Bernd Riexinger, Verdi-Geschäftsführer in Stuttgart, begründet, warum er für das Linksbündnis ist. Linksruck bringt Auszüge aus seinem Diskussionspapier.
Entscheidend ist für mich nicht in erster Linie die Sicht auf die Partei oder die PDS, die in den meisten ablehnenden Stellungnahmen zum Ausdruck kommt, sondern auf die Gesellschaft und die außerparlamentarischen Kräfte, wie die Gewerkschaften, Globalisierungskritiker, Gruppen der sozialen Bewegung die Teile der Bevölkerung, die weder rot-grün noch gelb-schwarz wählen wollen. Alle diese Kräfte sind heute in der Defensive vor den Angriffen der Arbeitgeberverbände und der politischen Elite. Die gesellschaftlichen Kräfteverhältnisse scheinen für viele kaum veränderbar, der neoliberale Block und die Anpassung an die Bedürfnisse des globalisierten Kapitalismus scheinen kaum aufzuhalten zu sein.
Ein linkes Bündnis, das bei der Bundestagswahl 6, 8 oder gar 10 Prozent der Stimmen auf sich vereinigt, würde diese Stimmung nachhaltig aufbrechen. Es würde in die Gesellschaft hinein deutlich machen, dass mehrere Millionen Menschen der neoliberalen Einheitspolitik nicht mehr folgen wollen und bereit sind eine politische Alternative zu unterstützen. Bei aller Widersprüchlichkeit innerhalb dieses Bündnisses wäre die Botschaft, dass sich die Linke auf eine Politik gegen den Neoliberalismus verständigen kann und in der Lage ist den bestehenden Parteien ernsthafte Konkurrenz zu machen.
Ein Wahlbündnis, dass als gesellschaftliche Kraft und Alternative wahrnehmbar ist, wird neue Kräfte und eine neue Dynamik freisetzen.

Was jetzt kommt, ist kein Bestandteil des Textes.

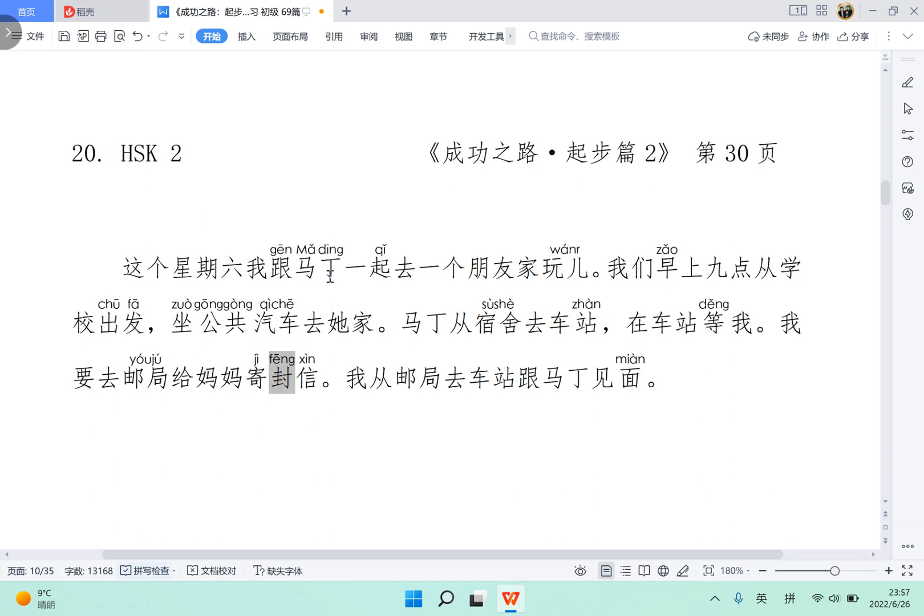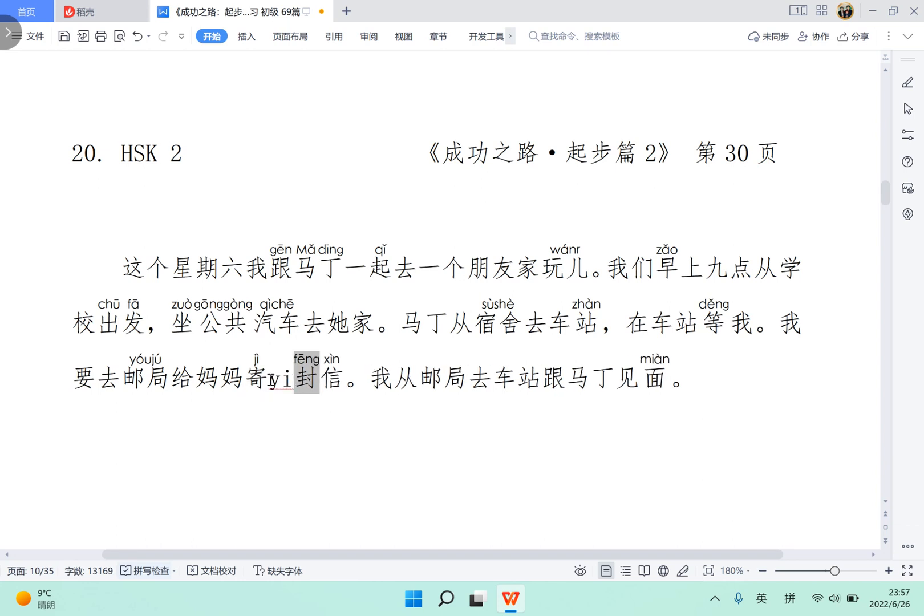So here's the word feng. This is a measure word for letter. So feng and xin here just for letter, so feng xin. And this situation is like in Chinese oral speaking language. Normally, if the quantity is 1, we would like to omit the number 1, that is yi. So the full, normally the full sentence should be ji yi feng xin, right?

Die soziale Bewegung hat, nach einem wirklichen Aufschwung unter .anderem durch die Demonstrationen am 1. November 2003 und dem 3. April 2004 sowie den Montagsdemonstrationen, ihren vorläufigen Höhepunkt überschritten. Es gibt derzeit keine Bewegung und es wird meines Erachtens unter anderem vom Ergebnis der Bundestagswahl abhängen, ob sie wieder einen Aufschwung und Antrieb erhält oder nicht.
Die große Gefahr besteht sogar, dass nach einem Wahlsieg der CDU/FDP die Sozialdemokratie wieder verbal nach links gehen wird und insbesondere dann die Gewerkschaften wieder den Schulterschluss mit der SPD schließen, wenn die CDU/FDP wie angekündigt die Tarifautonomie zerstören und die Betriebsverfassung verschlechtern. Dann wird der Spielraum sowohl für die WASG als auch für diejenigen in den Gewerkschaften, die für die offensive Wahrnehmung des politischen Mandates und für die Loslösung von der SPD eintreten geringer. Das könnte kaum passieren, wenn sich ein ernstzunehmendes Linksbündnis auch parlamentarisch etabliert.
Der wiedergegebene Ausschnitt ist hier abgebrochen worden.